EXERCISE OBJECTIVE:
In the entries that follow, the lines from the line containing "Stunning home in" up to and including the line containing "Olijfgroene waterdichte parka" must be copied exactly, with pictures omitted.

TASK INPUT:
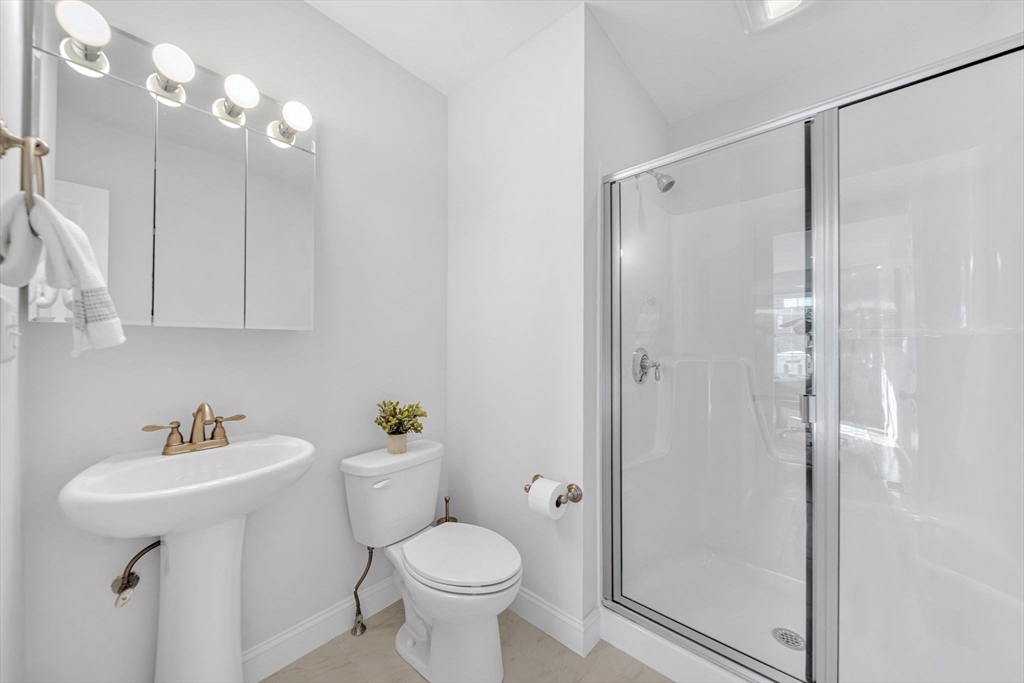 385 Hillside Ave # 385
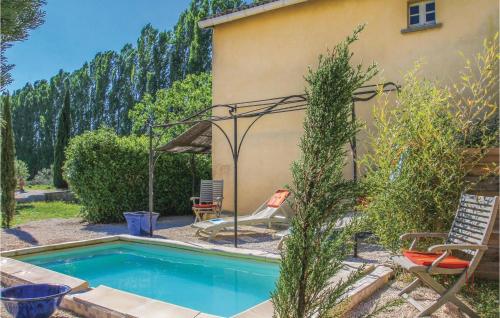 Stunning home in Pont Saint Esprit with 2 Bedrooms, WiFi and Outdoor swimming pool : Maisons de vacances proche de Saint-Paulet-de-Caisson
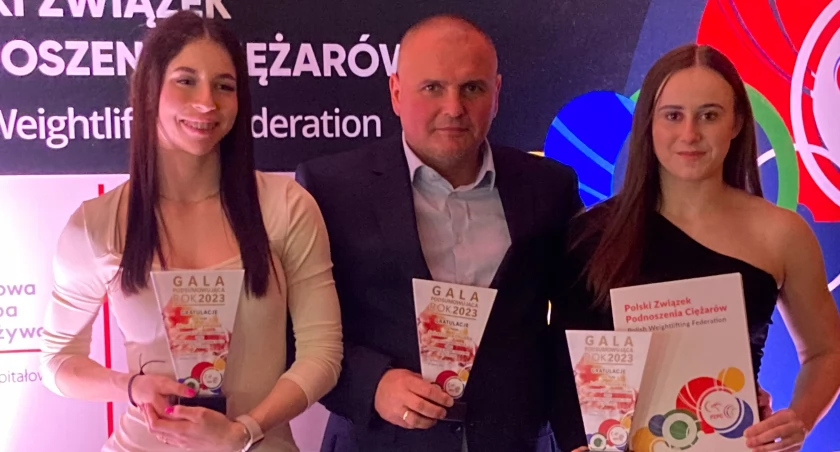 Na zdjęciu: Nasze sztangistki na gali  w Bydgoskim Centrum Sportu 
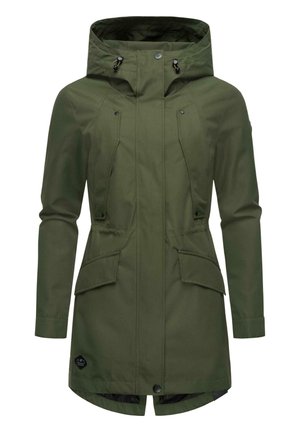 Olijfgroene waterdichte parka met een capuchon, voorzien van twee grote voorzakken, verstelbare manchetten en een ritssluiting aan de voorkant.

...

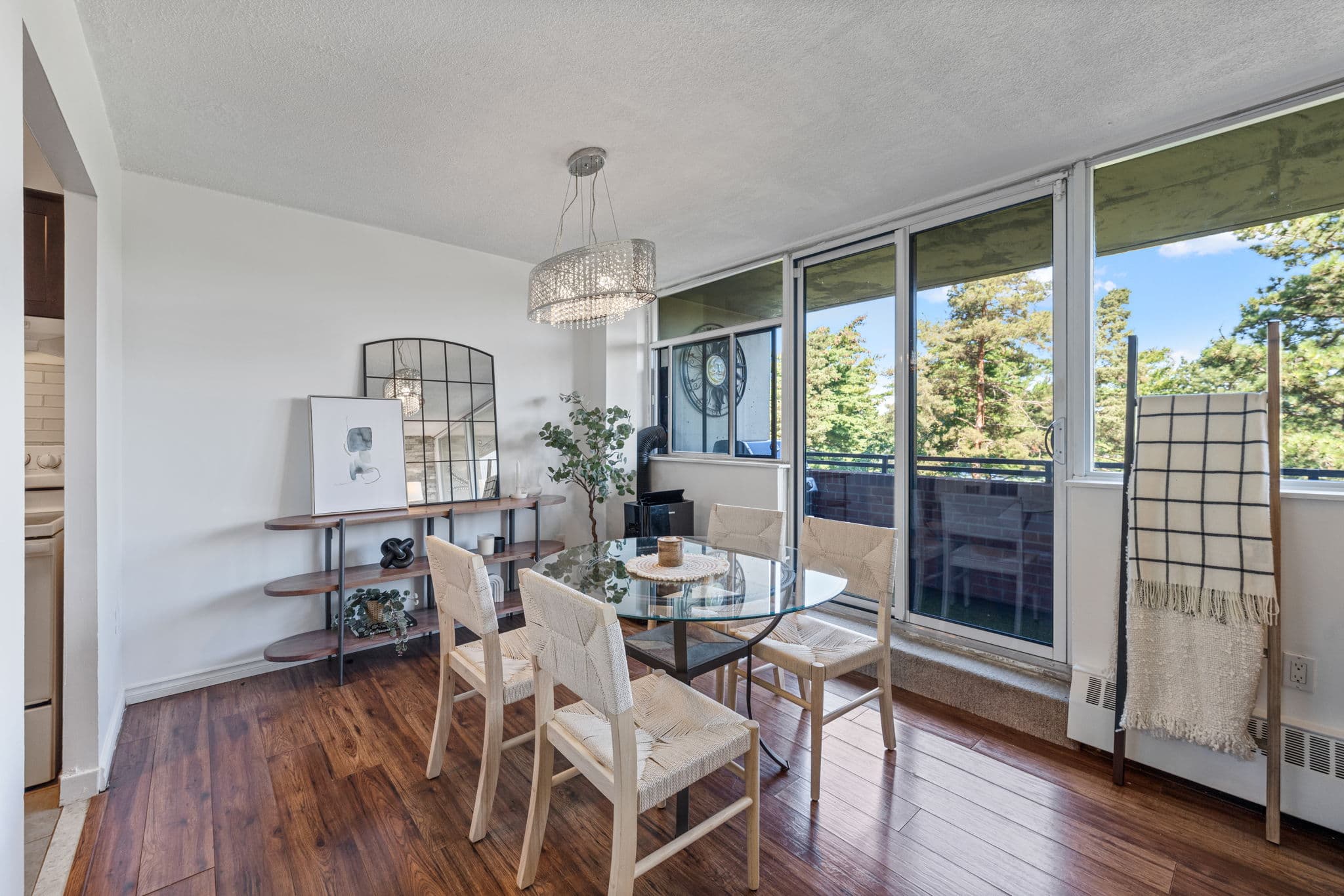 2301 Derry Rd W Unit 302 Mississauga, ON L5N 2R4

OUTPUT OF THE TASK:
 Stunning home in Pont Saint Esprit with 2 Bedrooms, WiFi and Outdoor swimming pool : Maisons de vacances proche de Saint-Paulet-de-Caisson
 Na zdjęciu: Nasze sztangistki na gali  w Bydgoskim Centrum Sportu 
 Olijfgroene waterdichte parka met een capuchon, voorzien van twee grote voorzakken, verstelbare manchetten en een ritssluiting aan de voorkant.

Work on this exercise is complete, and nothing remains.